ロシア・ウクライナ戦争―隣国のロシアから侵攻を受けたウクライナが懸命に抗戦し奮戦、それをアメリカなどNATO加盟国が盛んに軍事支援している様子―を連日ニュースで見せつけられ、この日本も隣国の中国や北朝鮮・ロシアなどから「攻め込まれたらどうする」「9条で日本は守れない」「憲法改正しないと戦えない」などと言い立てる向きがある。それに乗じて岸田首相の自民党に加えて維新の党など改憲派が攻勢をかけてきている
しかし、日本の場合は、ウクライナ対ロシアの関係とは全く異なり、中国・北朝鮮・ロシアなど「危ない国」とはいっても、必ずしも一方的に侵攻してきて、それに対して自衛隊と国民までも動員して抗戦し戦わなければならなくなるというような関係ではあるまい。
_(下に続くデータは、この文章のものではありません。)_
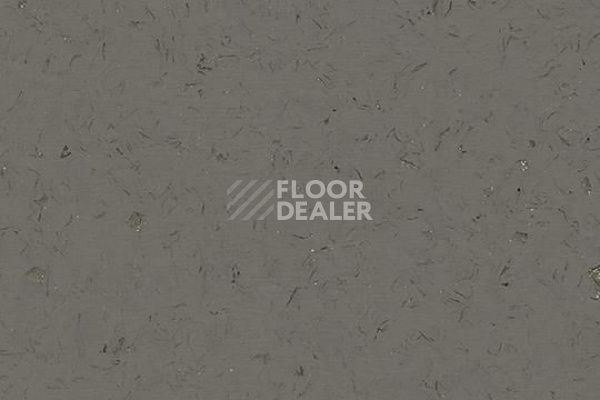 Виниловая плитка ПВХ FORBO Allura Colour/Colour Plus C68015-651015 dark lead фото 1 | FLOORDEALER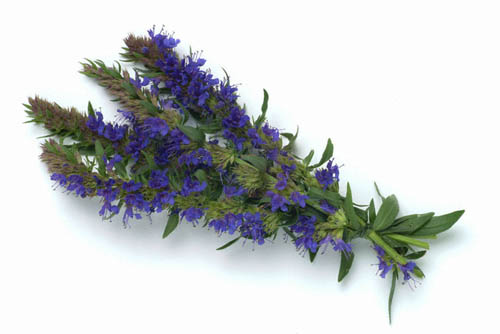 Hyssop herba: lääkkeiden ominaisuudet, lääkeaineiden käyttö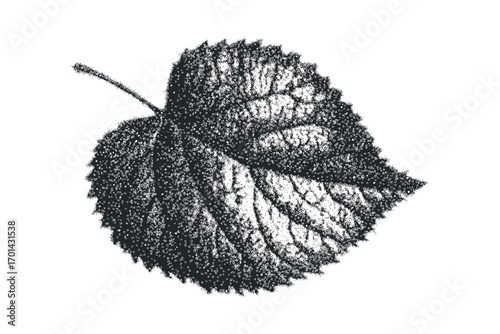 Textured Black and White Leaf. Vector hand drawn illustration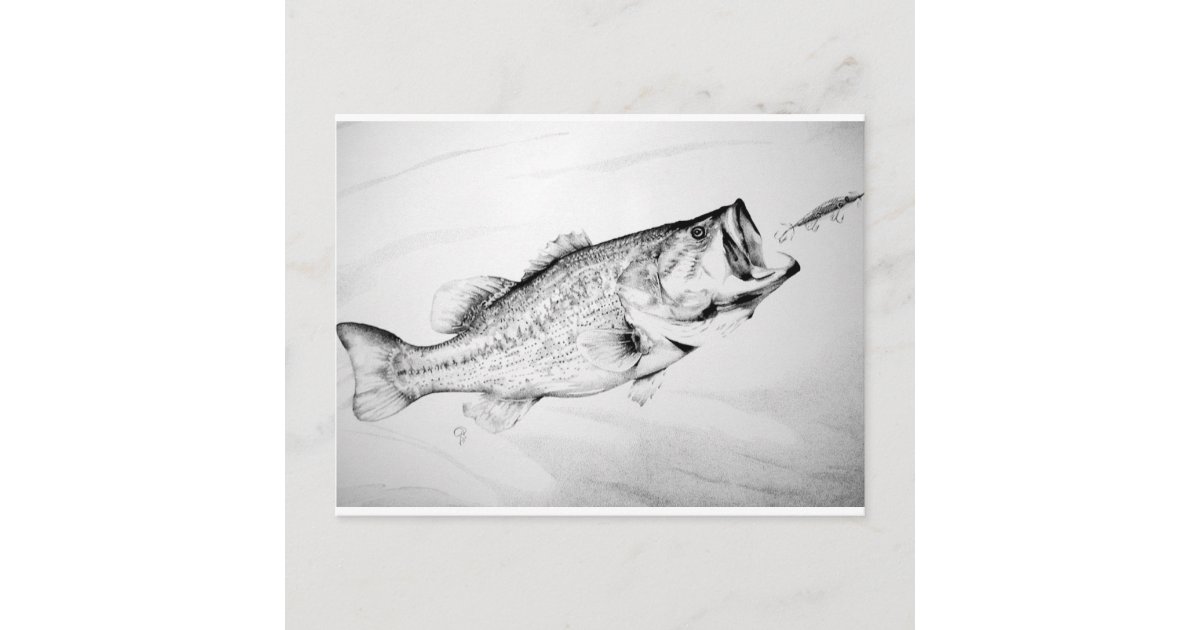 largemouth bass black and white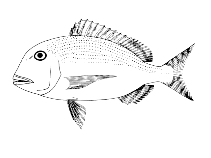 To FishBase images (<i>Calamus mu</i>, Brazil, by Menezes, N.A./Figueiredo, J.L.)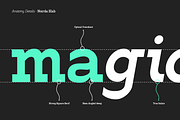 Noirda Slab Serif, a Slab Serif Font by Hanaksara Studio (Thumbnail 4 of 11)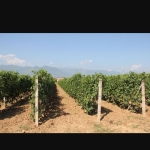 Земеделски имот в Пловдив, Център -  кв.м за 1632 €/дка - Снимка #1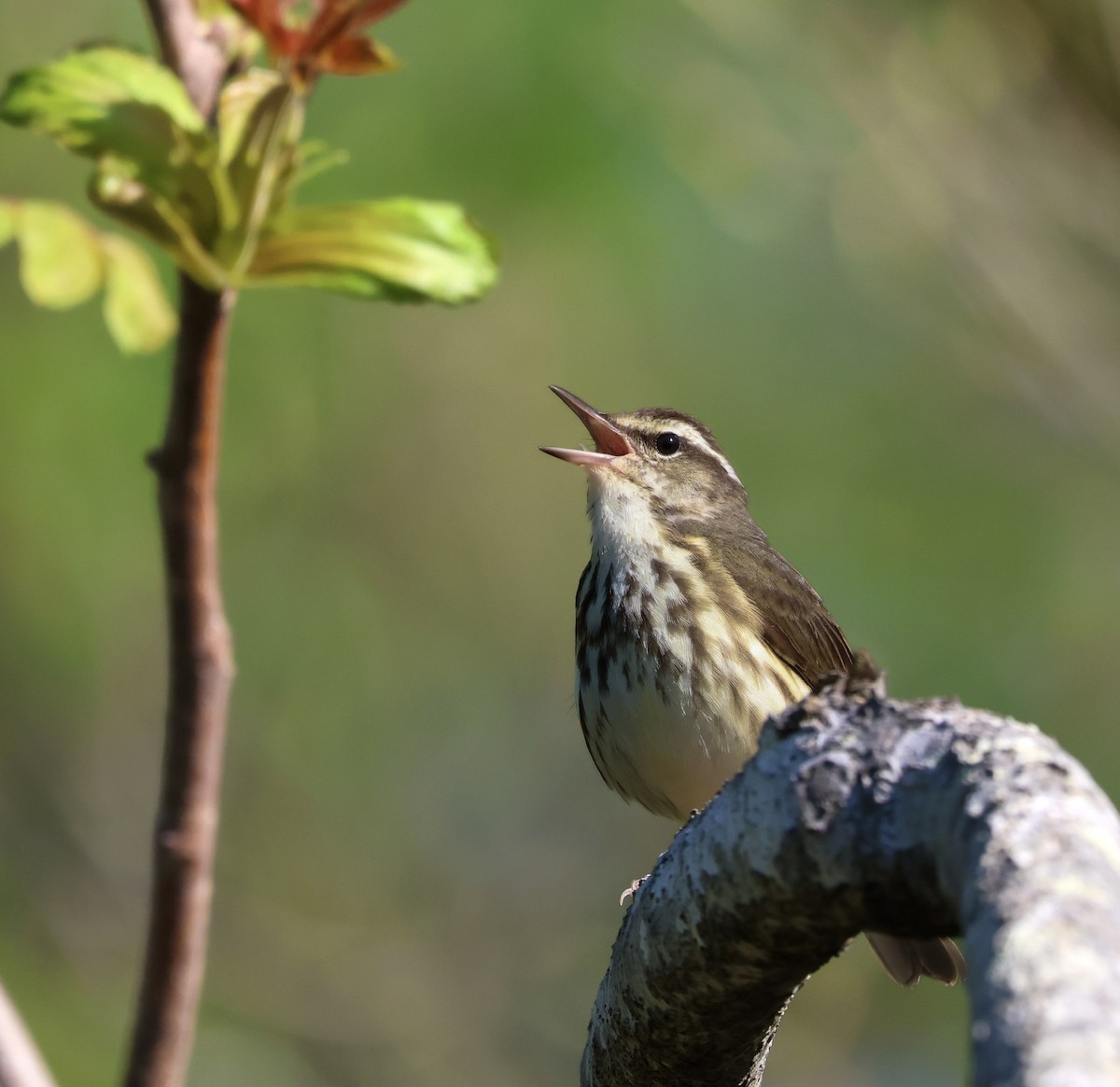 Louisiana Waterthrush - Ryan Justice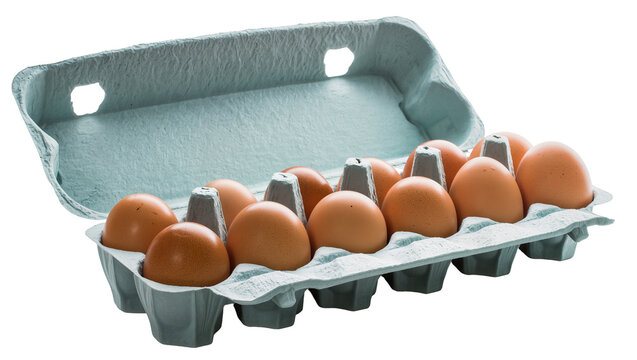 Cardboard egg carton with twelve brown eggs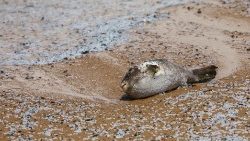 Toter Fisch am Strand der Negombo-Lagune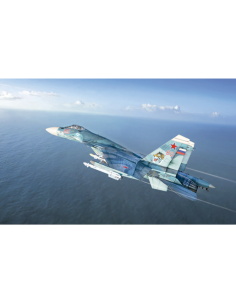Avión Su-33 Flanker-D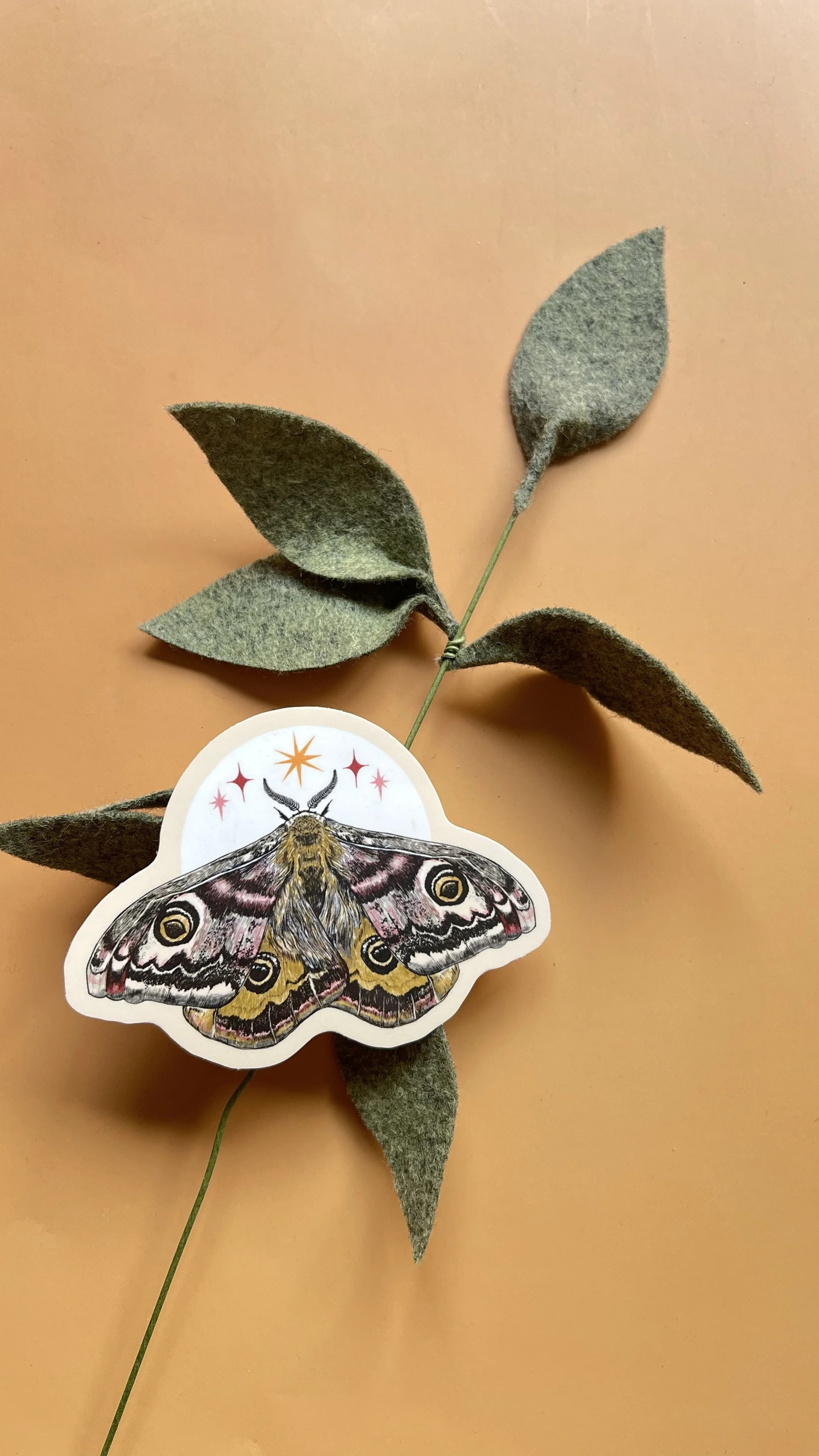 emperor moth 2.jpg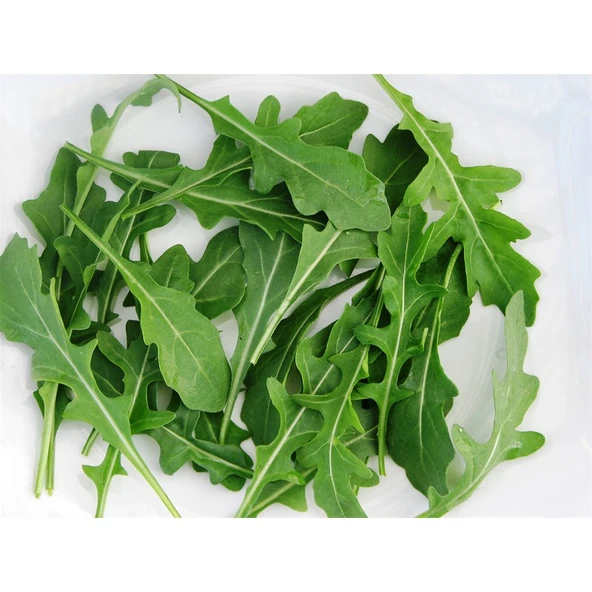 Arzuman Roka Geniş Yaprak 10 Gram ürün görseli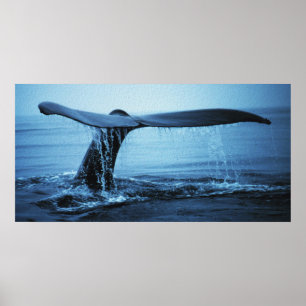 Poster Fluxo de Baleia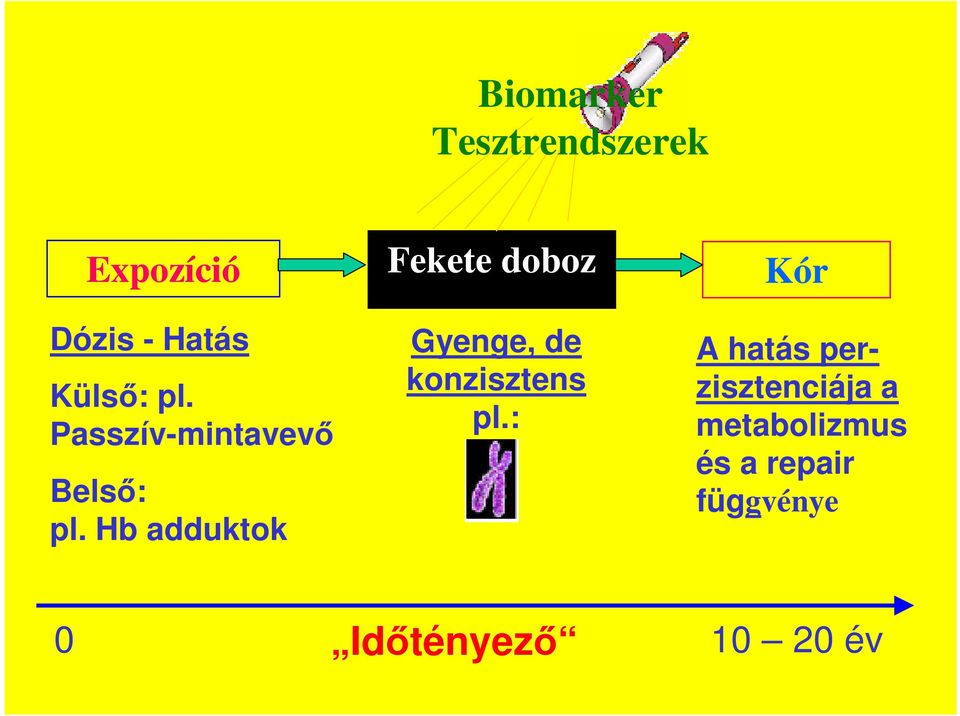 Hb adduktok Gyenge, de konzisztens pl.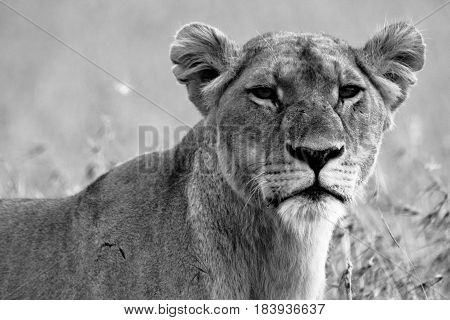 Portrait of a scarred lioness in black and white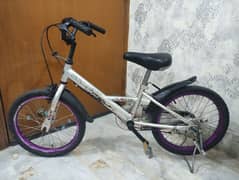 Japanese SeaMist Heavy-duty Kids Bicycle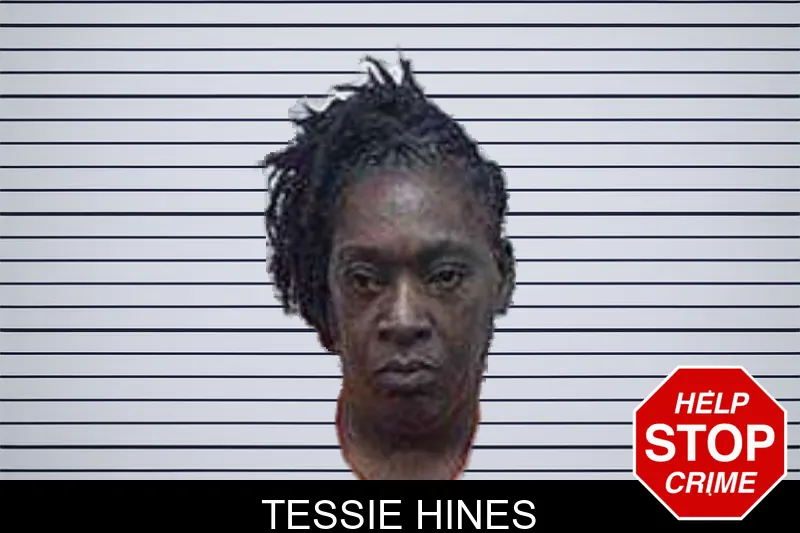 Tessie Hines mugshot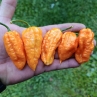 Острый перец Bhut Orange Copenhagen (BOC)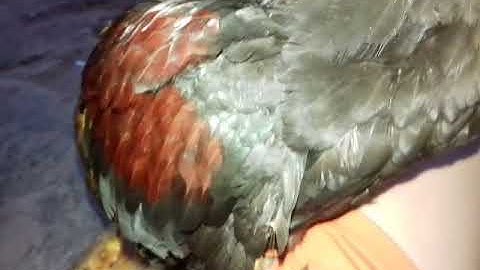 Qaib qus 100% seej zoo heev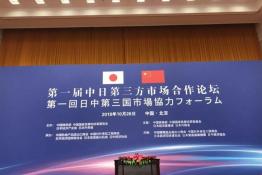 安倍晉三訪華 協(xié)鑫、天合和晶科為光伏行業(yè)長臉了！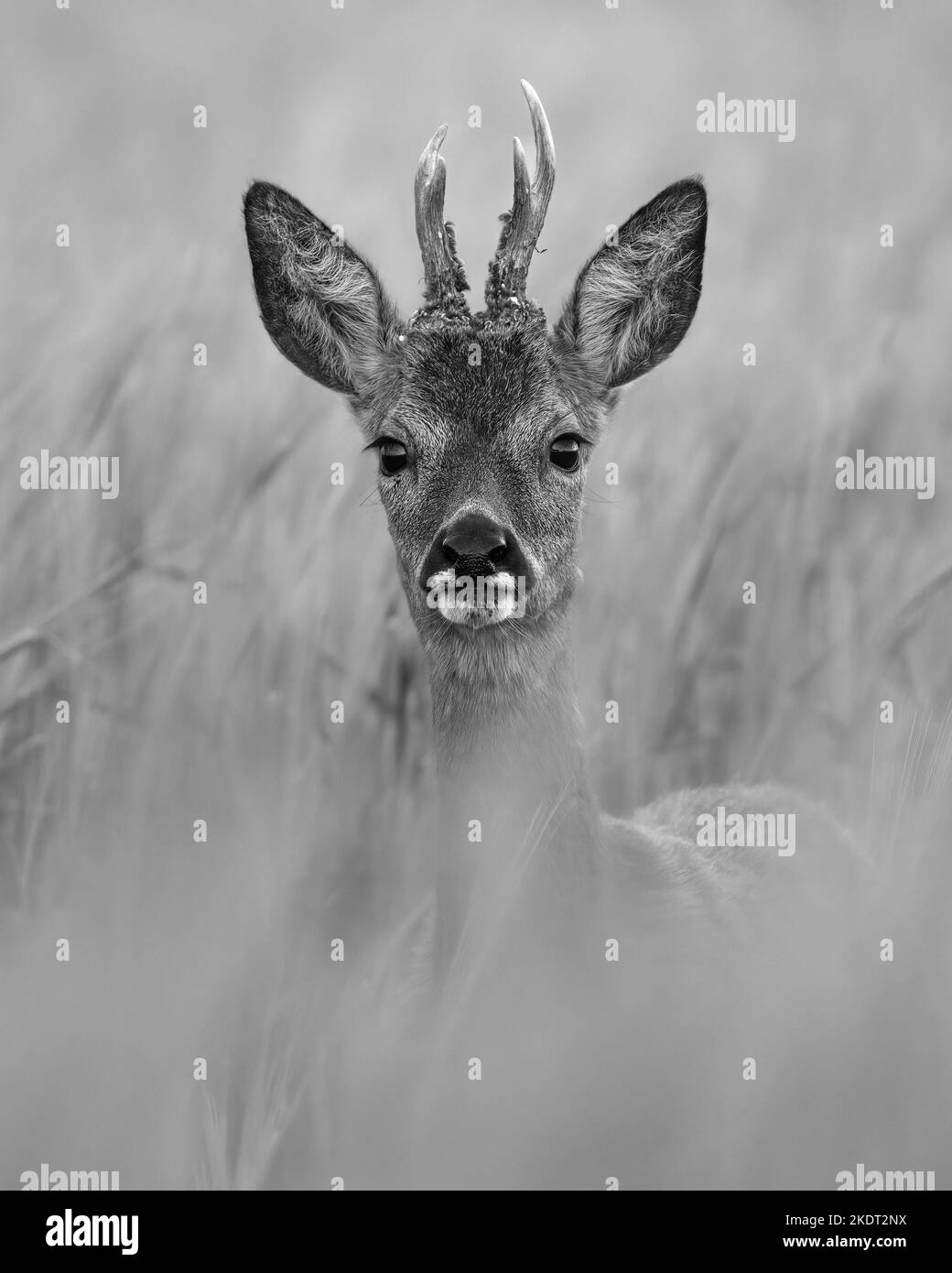 Photographie en noir et blanc d'un jeune cerf de Virginie Banque D'Images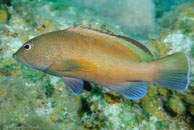 Coney / Cephalopholis fulva / Las Cuevas de Pipo, März 24, 2008 (1/80 sec at f / 7,1, 62 mm)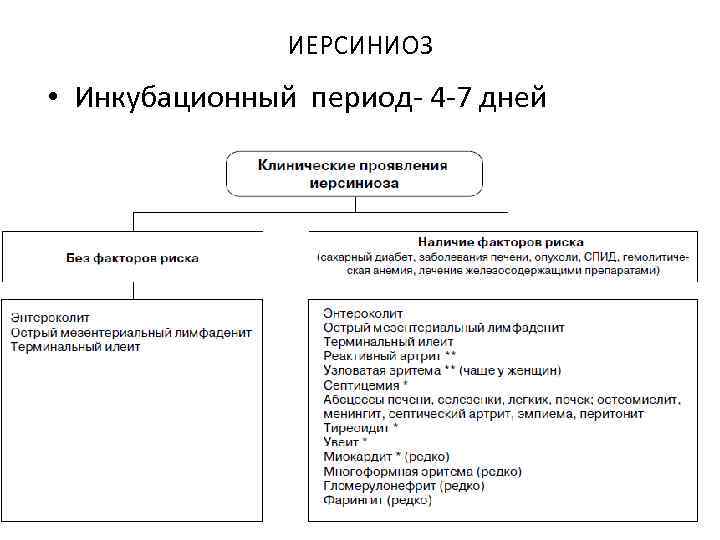 ИЕРСИНИОЗ • Инкубационный период- 4 -7 дней 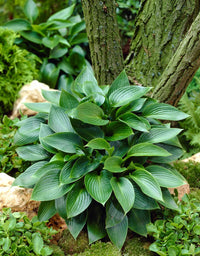 Green Hosta Flower seeds for Planting - Long Bloom Season, Heirloom & GMO Free Seeds for Home Garden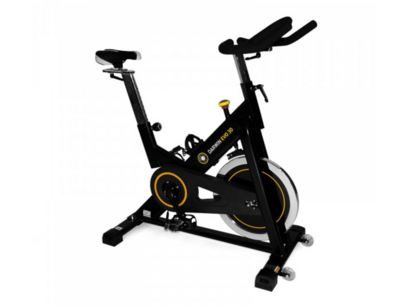 Darwin Indoor Bike Evo 30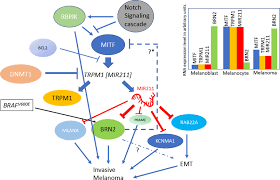 Maybe you would like to learn more about one of these? Frontiers The Paradoxical Behavior Of Microrna 211 In Melanomas And Other Human Cancers Oncology
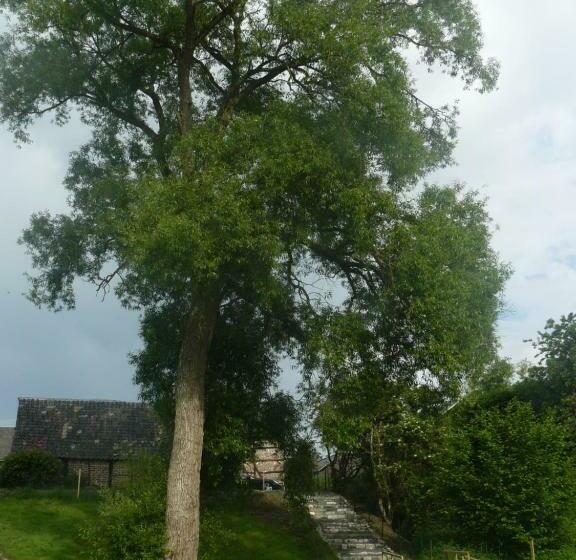 تختخواب و صبحانه La Fleur Et Le Soleil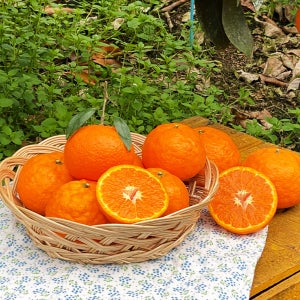 제주 고당도 카라향 봄 감귤 5kg 10kg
むしろ、日本が安保条約で同盟を結んでいるアメリカが台湾有事や朝鮮半島有事に際して中国・北朝鮮と交戦する事態となり、日本の基地から米軍が出撃し、自衛隊がそれを支援するとなったその時に、中国や北朝鮮が日本に対して反撃してくるということで、アメリカとの戦争にからんだこれらの国の日本への反撃なのであって、日本がこれらの隣国から侵略攻撃されて自衛・抗戦しなければならないということではあるまい。したがって、そのような中国・北朝鮮の侵攻に備えて改憲(9条に自衛隊保持を明記)しなければならないという理由にはならないわけ。
それどころか、自衛隊と日米安保(同盟)があることによって日本がアメリカの戦争に加担(米軍に基地を提供し、自衛隊が米軍を支援)しなければならず、それが中国や北朝鮮の反撃を招くのであって、その自衛隊を憲法9条に明記などしたら、かえってそれが戦争を呼び込む結果となり、「改正」どころか「改悪」以外の何ものでもないことになるのでは。